**PROBLEM TO SOLVE**
Only one stretch of the material below is wanted: everything from the line containing "Page 1 de la" down to the line containing "Hong Kong Gift", both ends included. Repeat it exactly and skip the pictures.

**TASK DATA**

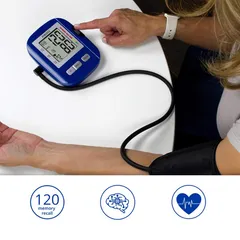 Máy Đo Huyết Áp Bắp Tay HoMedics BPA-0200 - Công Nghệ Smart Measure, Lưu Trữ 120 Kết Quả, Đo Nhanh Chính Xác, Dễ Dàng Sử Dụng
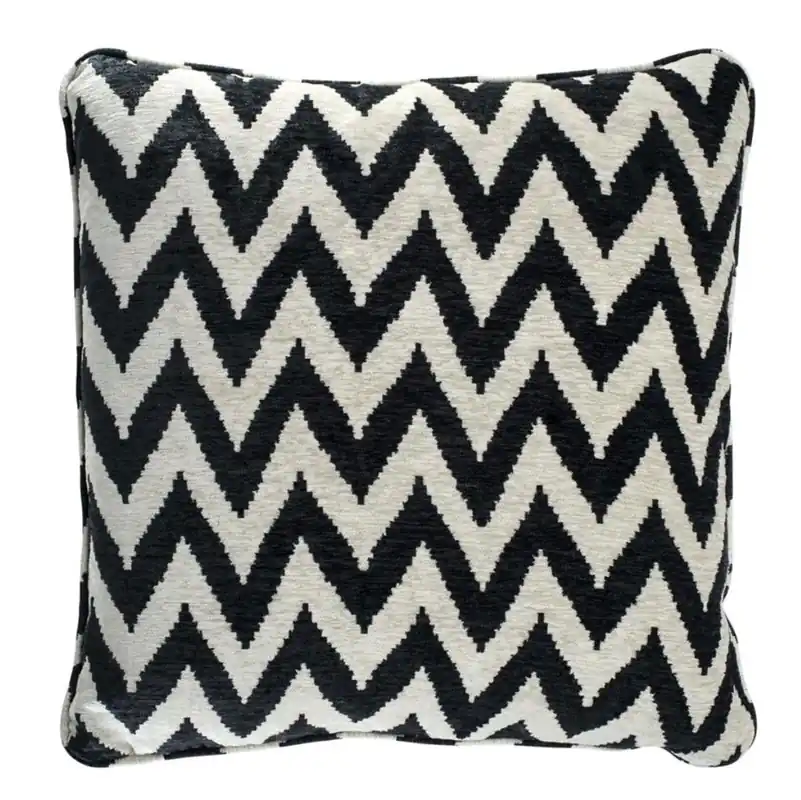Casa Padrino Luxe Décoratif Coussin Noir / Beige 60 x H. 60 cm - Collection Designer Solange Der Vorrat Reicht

---

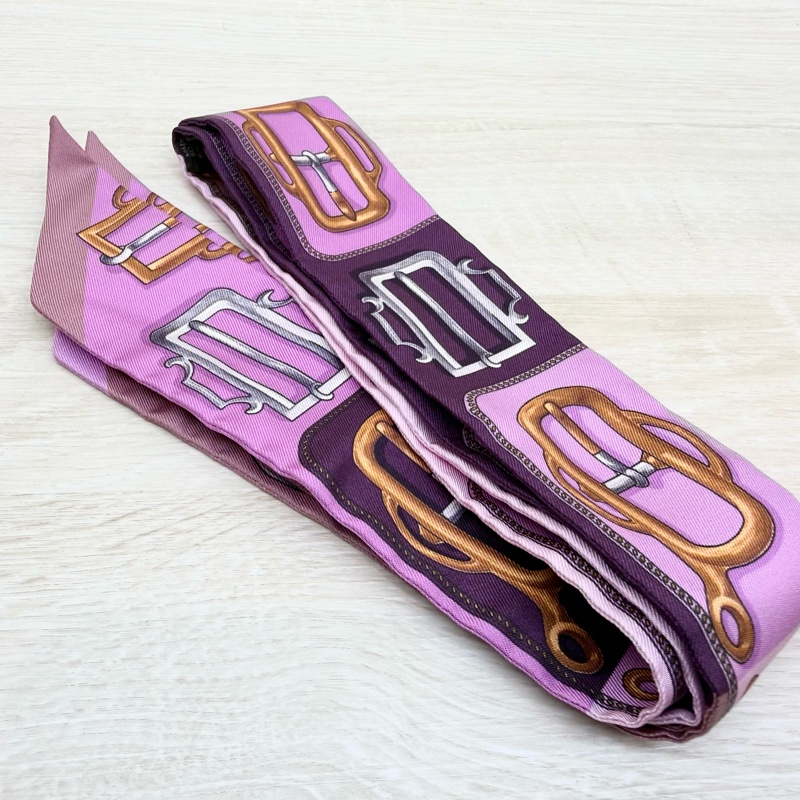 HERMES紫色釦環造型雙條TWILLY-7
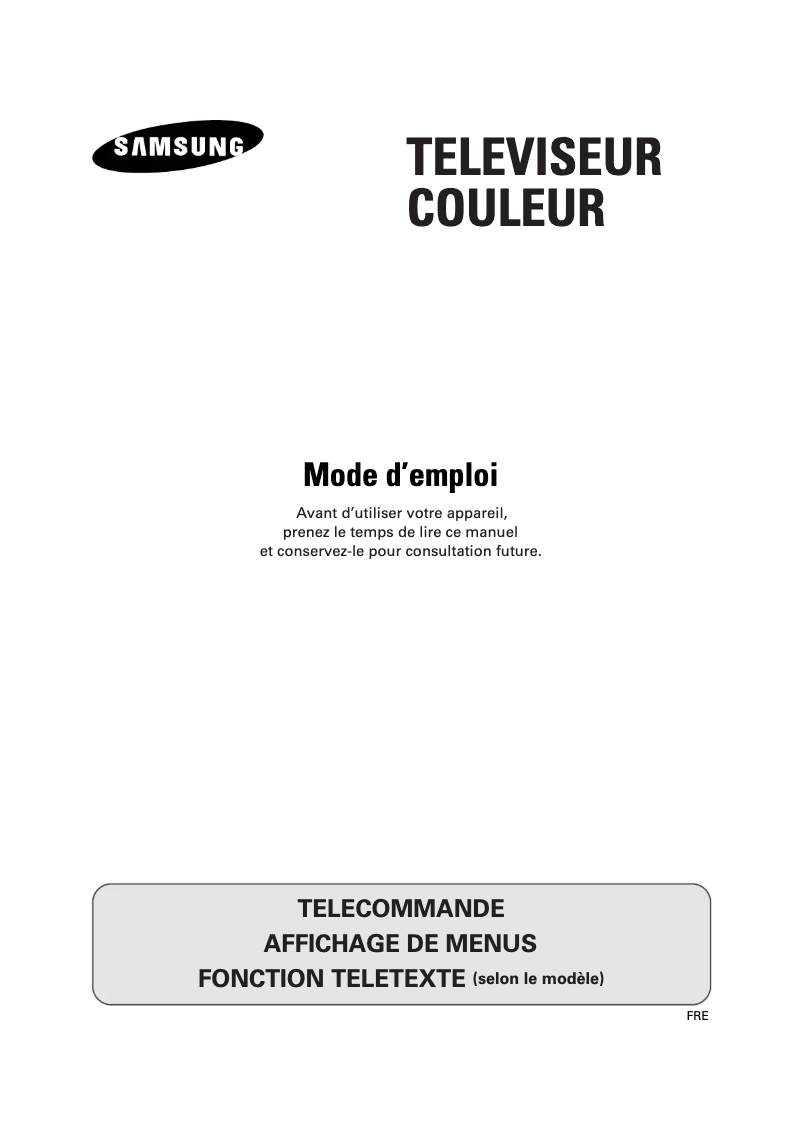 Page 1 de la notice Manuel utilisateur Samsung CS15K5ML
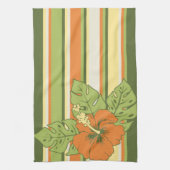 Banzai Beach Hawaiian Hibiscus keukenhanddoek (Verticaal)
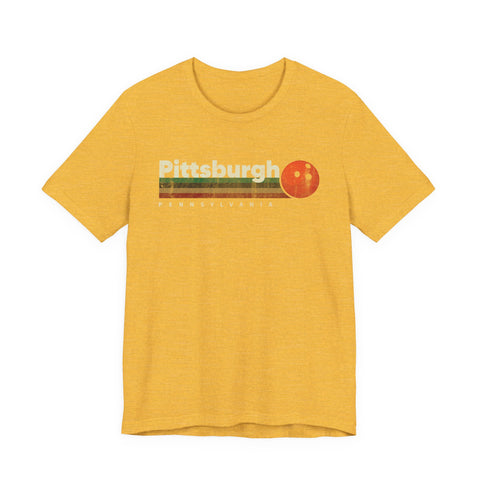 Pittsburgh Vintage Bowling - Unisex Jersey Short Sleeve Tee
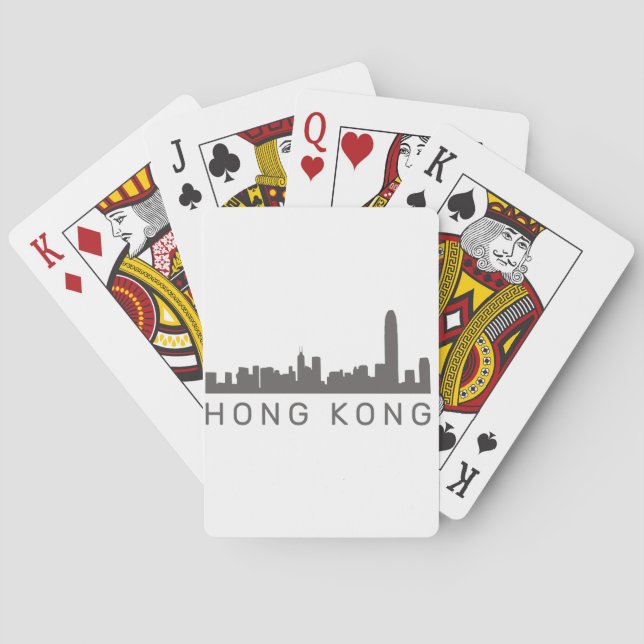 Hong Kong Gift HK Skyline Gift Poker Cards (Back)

--

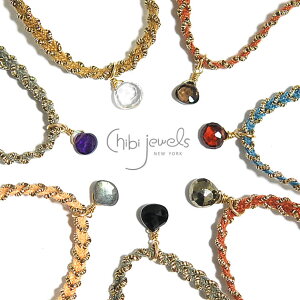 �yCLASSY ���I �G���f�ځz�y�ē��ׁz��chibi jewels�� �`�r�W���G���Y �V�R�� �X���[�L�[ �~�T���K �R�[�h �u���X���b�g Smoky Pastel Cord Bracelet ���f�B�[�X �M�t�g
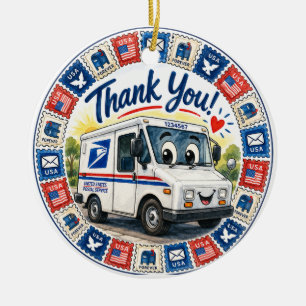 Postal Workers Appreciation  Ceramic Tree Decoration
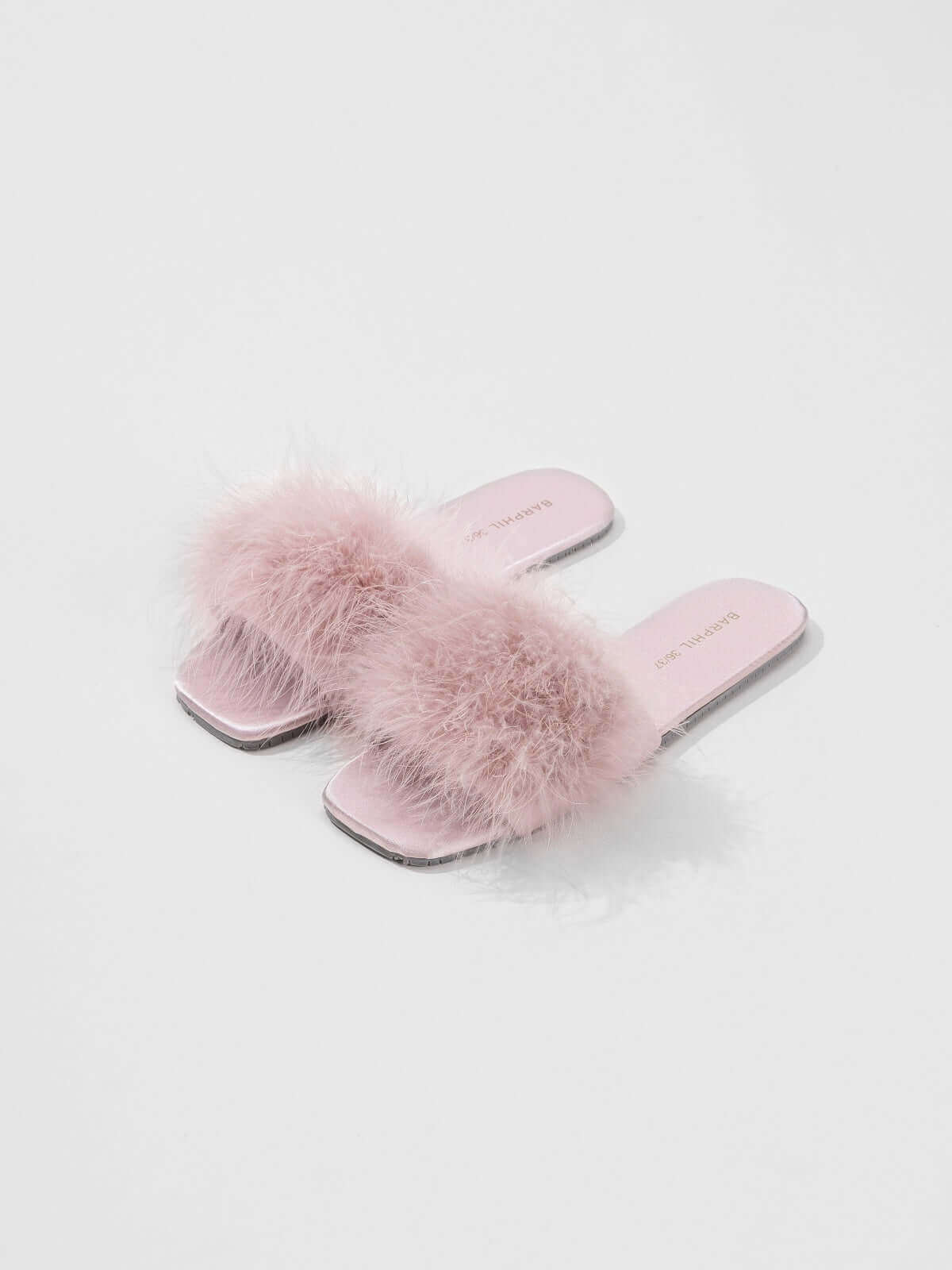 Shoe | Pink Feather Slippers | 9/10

**RESULT FOR THIS EXERCISE**
 Page 1 de la notice Manuel utilisateur Samsung CS15K5ML
 Banzai Beach Hawaiian Hibiscus keukenhanddoek (Verticaal)
 Pittsburgh Vintage Bowling - Unisex Jersey Short Sleeve Tee
 Hong Kong Gift HK Skyline Gift Poker Cards (Back)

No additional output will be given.